As soon as we reached the first rock, Jonathan started to improvise. A large family group was on rope in front of us moving very slowly. We hooked right and scrambled up a dry falls. There was just enough exposure to get your blood pumping. It was also obvious that the canyoneering shoes Nick rented had super sticky properties.

Our next obstacle was an exposed traverse that we hooked into the rope for a safety. Again, Nick’s shoes and agility allowed him to glide across the rock, while the rest of us used the safety rope for some degree of comfort and aiding.

Finally, we made our first drop. We weren’t on a Disneyland tour. We were on a canyoneering class. I got to set up the first anchor.  Jonathan told us how they load test all the anchors at the start of each season so the integrity of the anchors was a given.
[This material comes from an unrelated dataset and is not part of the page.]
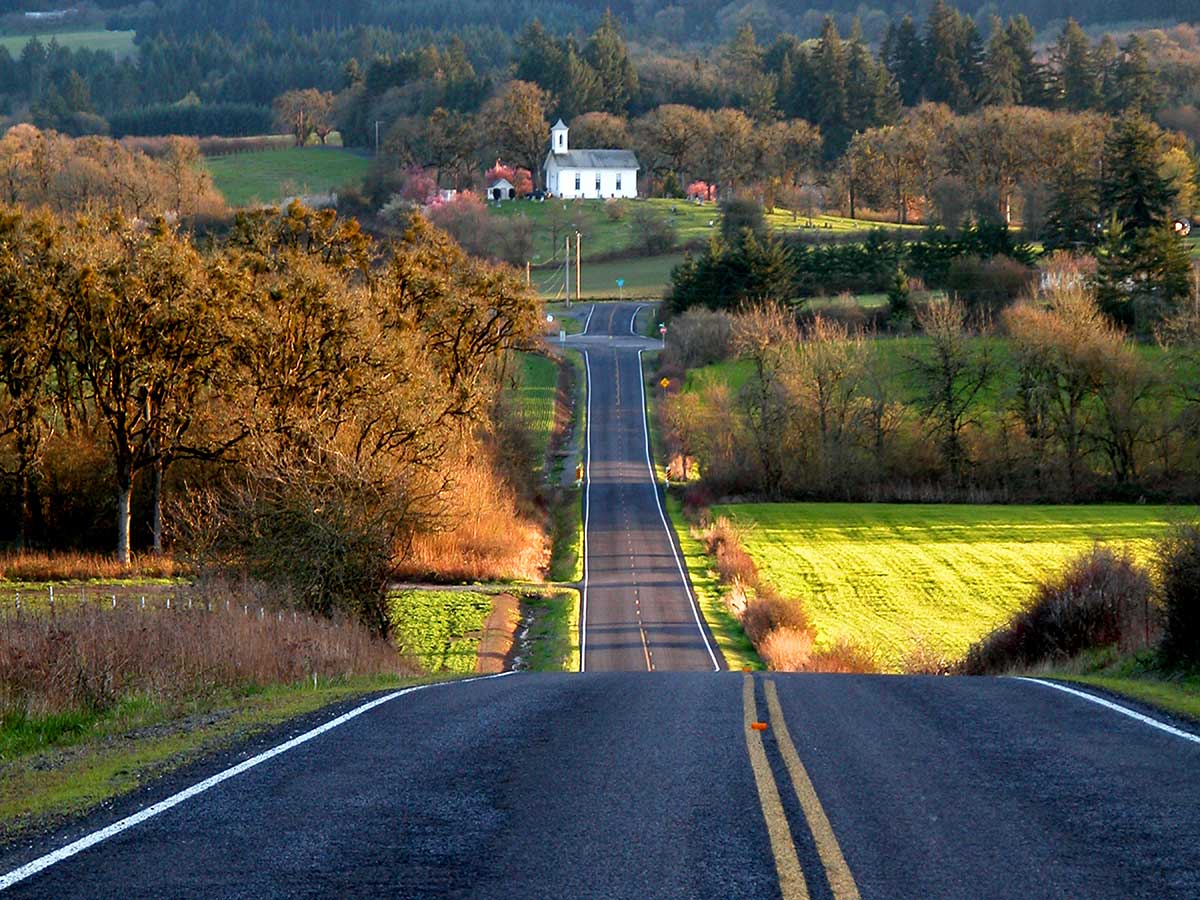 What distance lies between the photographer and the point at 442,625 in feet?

I slide the free end of the rope through the anchor and measured out the 60’ needed for the drop. Then I tied a BFK, some kind of a big knot that the rest of the rope from sliding through the anchor. Finally, I secured the rope with a beaner to close the system and we were good to go.

One by one, we made the rappel. Jenn was smooth and confident. Becca was all smiles making her first rappel ever. Nick and his super shoes had the joy of clearing the anchor and flaking the rope. Somewhere in the middle of this, Jonathan floated down like a ghost.

We worked our way through all kinds of obstacles on Lamb’s Knoll in much the same fashion. We would come to a bomber anchor. One of us would set the anchor under our guide’s watchful eye. Then we would all take turns rapping down and the last one down got to pull anchor. It was all easy peasy until it wasn’t.

The first real challenge came at a point called The Needle’s Eye. There is a very real concept of task loading that came into play here. Task loading is where enough stressors stack up on each other that you start to get overwhelmed. The Needle’s Eye had a vertical squeeze right on top of the rappel. Either one on their own would be doable. Put them together, and get’s a little difficult.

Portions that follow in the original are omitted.